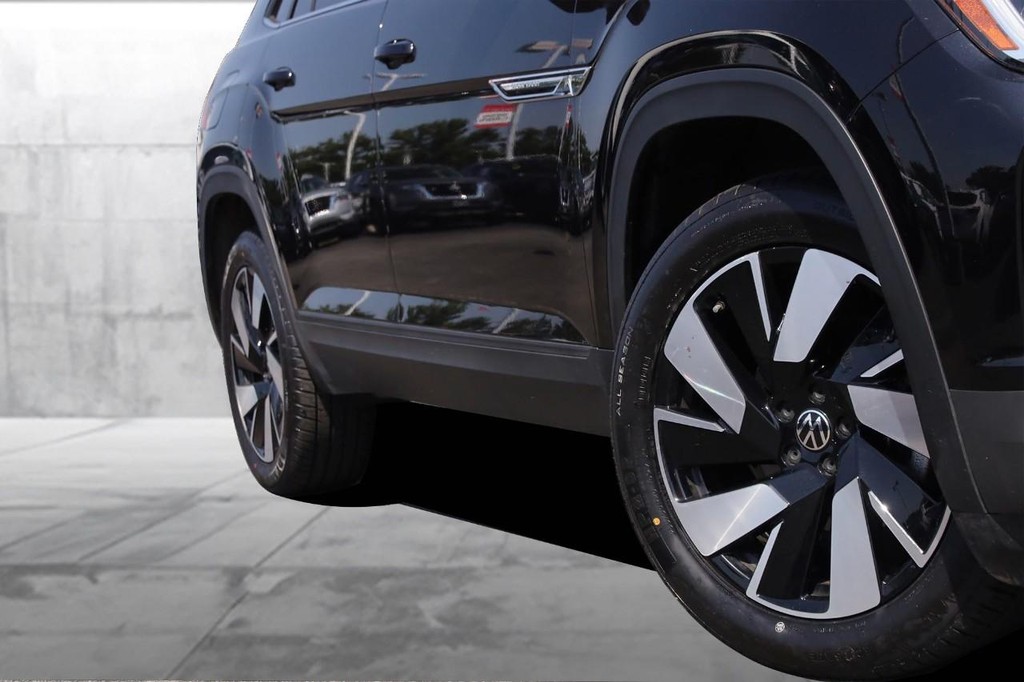 Volkswagen Atlas Cross Sport Vehicle Image 03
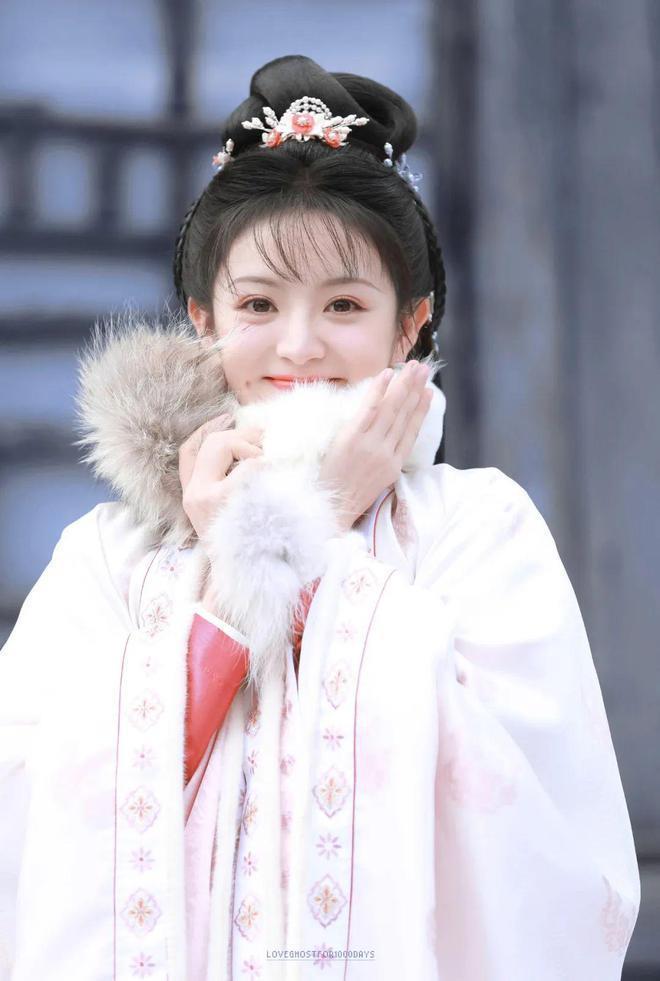 是内娱真性情？还是永远年轻永远骂人难听？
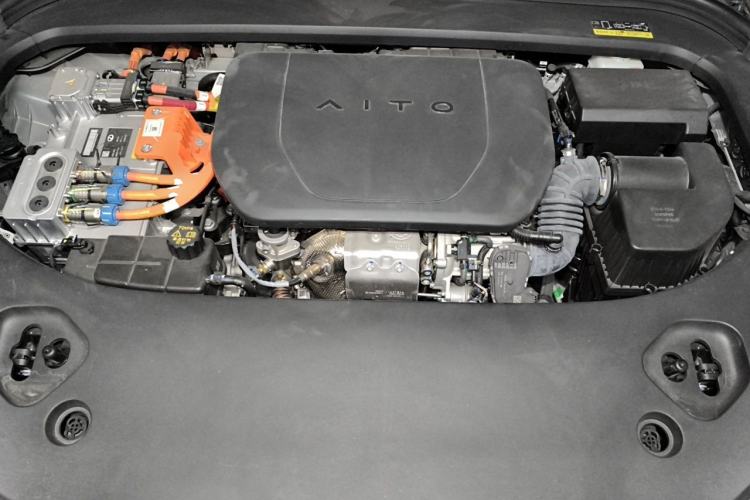 Used Hima AITO M9 2024 Range-Extended Ultra Version 52 kWh 5-Seater Model Engine Bay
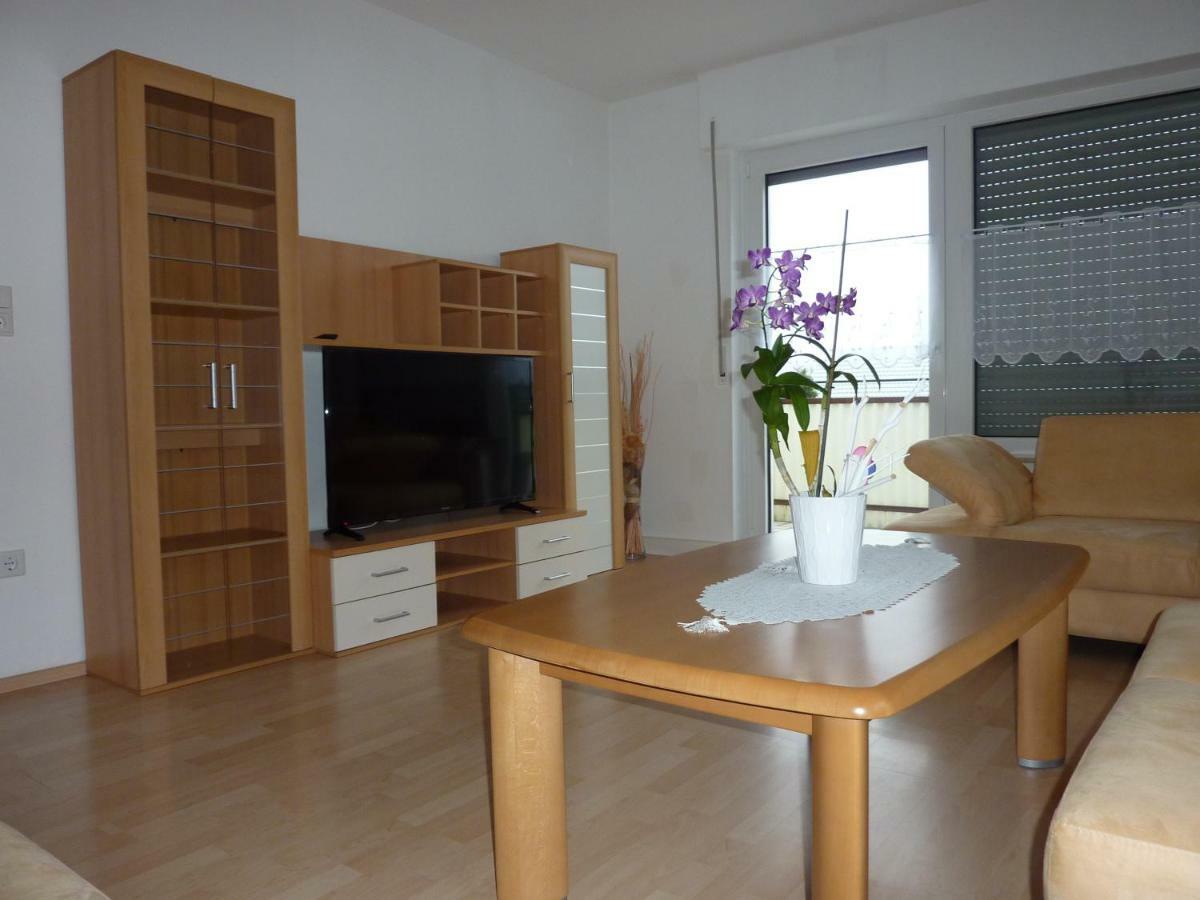 Ferienwohnung Landwehr Großostheim Exterior foto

----

ABOUT THIS TASK ▸
Beginning with the line that contains "Used Hima AITO" and ending with the final line of the material, reproduce those lines exactly and nothing else. Omit the pictures.

ANSWER FOR THIS EXERCISE ▸
 Used Hima AITO M9 2024 Range-Extended Ultra Version 52 kWh 5-Seater Model Engine Bay
 Ferienwohnung Landwehr Großostheim Exterior foto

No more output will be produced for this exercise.